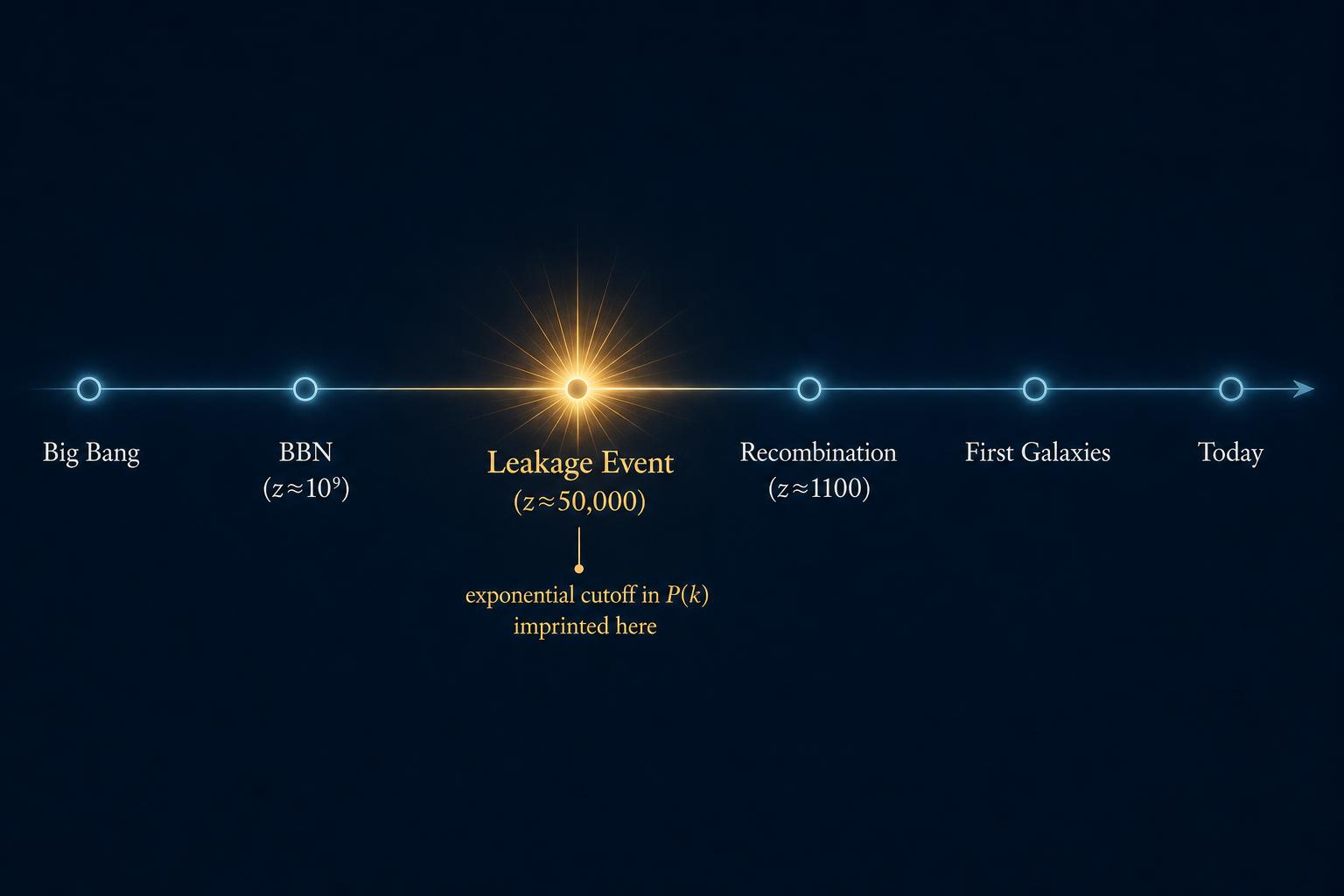 Cosmic timeline showing the proposed Radion Leakage Event between inflation and the CMB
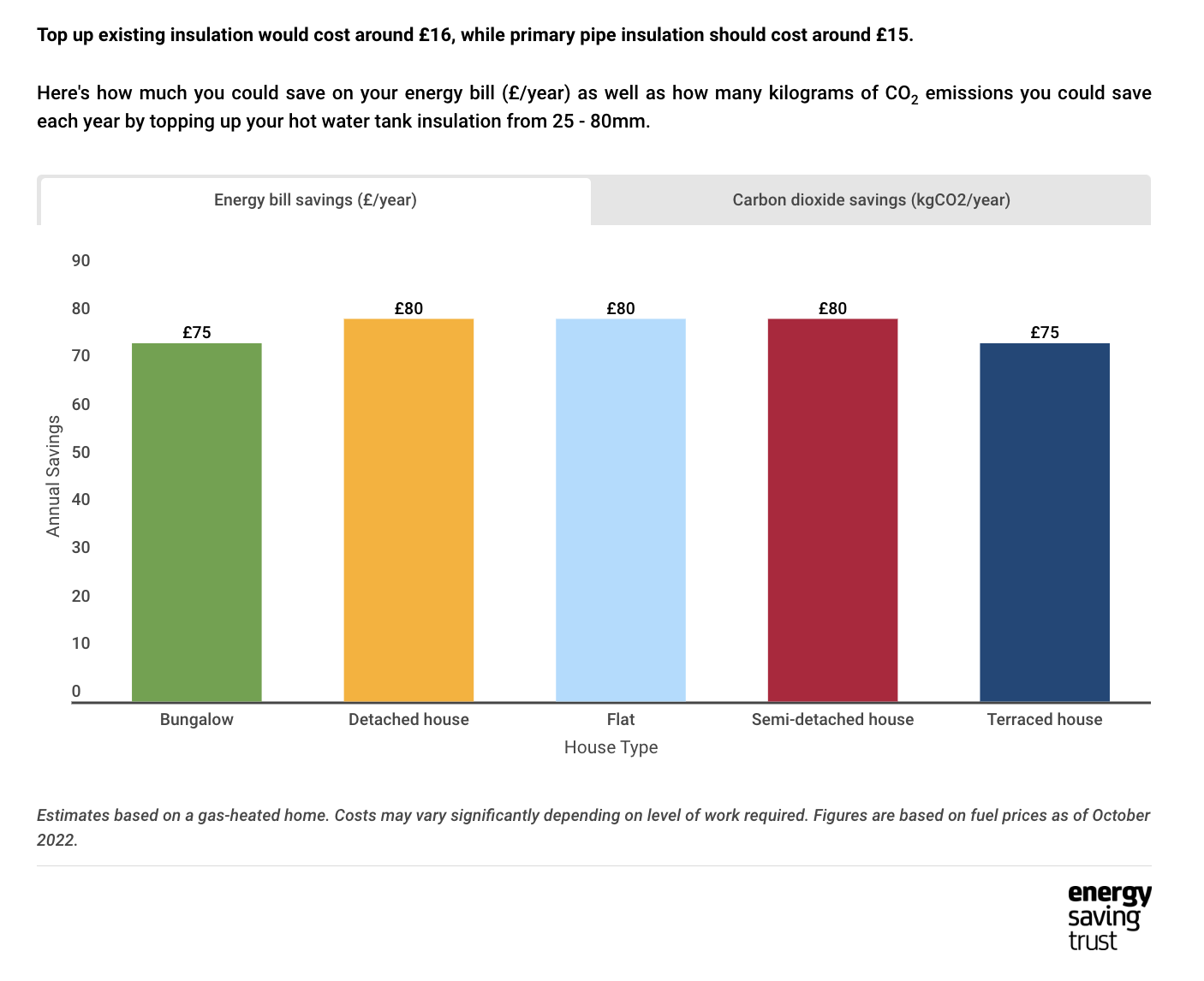 9 ways to save more energy and money in your bathroom Power To Switch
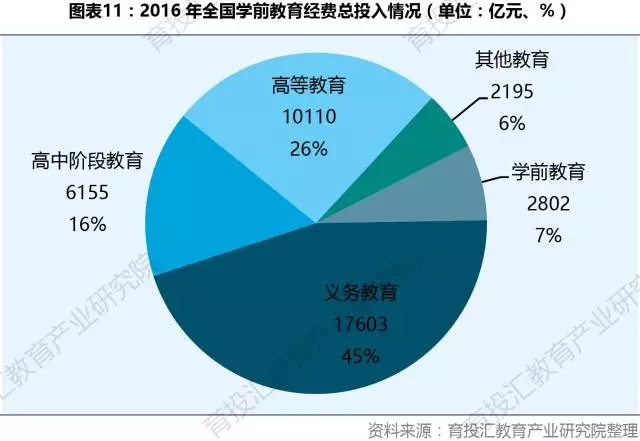 另外,从同比增速来看,无论是全国还是广东省都在加大对学前教育的投入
══════════
-- INSTRUCTIONS FOR THE TASK --
If the material above contains pictures, exclude them from an otherwise exact transcription.

-- SOLUTION TO THIS PROBLEM --
 Cosmic timeline showing the proposed Radion Leakage Event between inflation and the CMB
 9 ways to save more energy and money in your bathroom Power To Switch
 另外,从同比增速来看,无论是全国还是广东省都在加大对学前教育的投入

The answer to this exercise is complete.